-- SOURCE DATA follows --
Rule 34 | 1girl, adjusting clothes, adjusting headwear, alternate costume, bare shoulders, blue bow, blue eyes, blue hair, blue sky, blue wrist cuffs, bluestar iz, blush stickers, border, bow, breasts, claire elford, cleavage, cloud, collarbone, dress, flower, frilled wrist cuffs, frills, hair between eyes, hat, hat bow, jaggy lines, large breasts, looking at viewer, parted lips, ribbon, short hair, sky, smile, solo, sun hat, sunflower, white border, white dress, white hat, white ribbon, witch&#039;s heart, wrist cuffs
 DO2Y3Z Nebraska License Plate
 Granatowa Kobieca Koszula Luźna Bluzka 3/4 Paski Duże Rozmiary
-- SOURCE DATA concluded --
TO DO: Would you return all of the data exactly as it stands above?

RESULT:
Rule 34 | 1girl, adjusting clothes, adjusting headwear, alternate costume, bare shoulders, blue bow, blue eyes, blue hair, blue sky, blue wrist cuffs, bluestar iz, blush stickers, border, bow, breasts, claire elford, cleavage, cloud, collarbone, dress, flower, frilled wrist cuffs, frills, hair between eyes, hat, hat bow, jaggy lines, large breasts, looking at viewer, parted lips, ribbon, short hair, sky, smile, solo, sun hat, sunflower, white border, white dress, white hat, white ribbon, witch&#039;s heart, wrist cuffs
 DO2Y3Z Nebraska License Plate
 Granatowa Kobieca Koszula Luźna Bluzka 3/4 Paski Duże Rozmiary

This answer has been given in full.